Experiential interviews are popular with candidates as well.

"It's like test-driving a car before you decide to buy it," one candidate said. "You have a much better idea of what you're getting."

Wintrip is convinced that when companies focus on improving the candidate experience, they are also strengthening the employer brand—an important key to attracting top talent in a competitive market.

After receiving numerous complaints from candidates about the lack of communication from hiring managers during the hiring process, HR managers at Intuit, a San Francisco software company, jettisoned their traditional approach in favor of a more dynamic, experience-based process.

A proprietary assessment tool called Assessing for Awesome (A4A) was the centerpiece of this new approach. To create the tool, they asked hiring managers and high-performing employees to identify key skills and attributes that were necessary to be successful in the role. Then they developed a format that allowed candidates for technical positions to showcase both hard skills and soft skills. This included:

  • Speaking for five minutes about themselves.
  • Speaking for 15 minutes about two or three projects that they were proud of.
  • Preparing a 15-minute presentation on a case study or coding exercise.
  • Participating in a 25-minute question-and-answer period.

 

At the two-year mark, data showed that experiential interviewing improved the candidate experience as well as the quality and speed of hires. Another welcome benefit was that hiring managers became more invested and engaged in the process from beginning to end.

Job Auditions

In the LinkedIn Talent Solutions 2018 Global Recruiting Trends survey of 9,000 talent leaders and hiring managers, job auditions were identified as an effective hiring tool to minimize interviewer bias, assess soft skills, improve candidate experience and create a strong employer brand. 

Job auditions (or pre-employment tryouts) add a unique twist to experiential interviewing. By paying candidates to do real work over a period of days or weeks, employers gain greater insight into each candidate's abilities and personality.
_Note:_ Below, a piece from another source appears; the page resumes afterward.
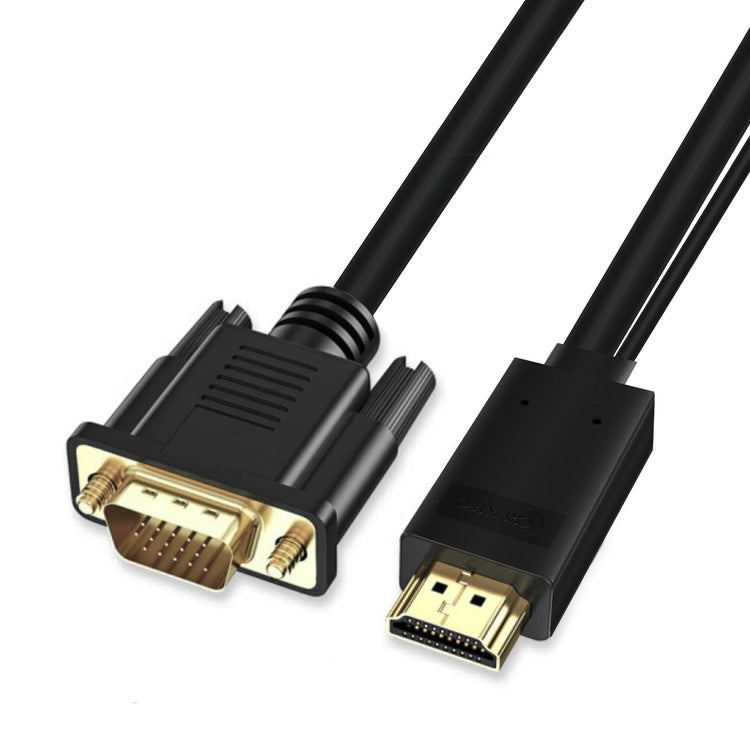 Cruxtec HDMI Male to VGA Male Active FHD Cable with Micro USB Female Optional Power (Black 2m) image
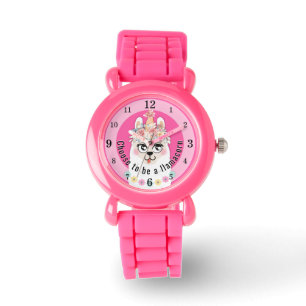 Llama   Wählen Sie Llamacorn Pink Glitzer. Armbanduhr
Mogul, a women-only social media platform in New York City, attributes its low turnover rate to the inclusion of a "trial run" as a final step in the hiring process. After several rounds of interviews, candidates spend a day in the office doing the actual job. This allows hiring managers to observe and understand the candidate's strengths and weaknesses—and it gives candidates a chance to immerse themselves in the culture, meet their future co-workers and test out the fit.

It seems to be working: Not one employee has quit the company in the last three years.

Entelo, a San Francisco recruiting software vendor, gives prospective hires a slightly different approach. The company gives finalists projects to work on at night or during weekends. The paid trial period lasts two to four weeks, and approximately one-half of these finalists receive full-time offers.

At Weebly, a San Francisco web hosting service, candidates work a "trial week" as a last step in the process. (Candidates who can't take a week off from their jobs are offered flexible schedules.) During that week they are paid to work on a standard project. On the last day, candidates give a project presentation to a small group. About 75 percent of the candidates who make it to this step receive offers within an hour. (The remaining 25 percent either didn't perform well or didn't pass what the company called the "a-hole test.")

CEO David Rusenko credits the trial week with saving the company from having to fire people later on. And he believes that it makes it easier to integrate new hires into the company because they already know what the work is like and are familiar with the people they'll be working with.

"Allowing candidates to show not only who they are but what they can do helps them shine," Wintrip said. "And it helps hiring managers more accurately assess the candidate's qualifications in order to make the best possible decision. This way, there are no surprises or disappointments." 

Arlene S. Hirsch is a career counselor and author based in Chicago.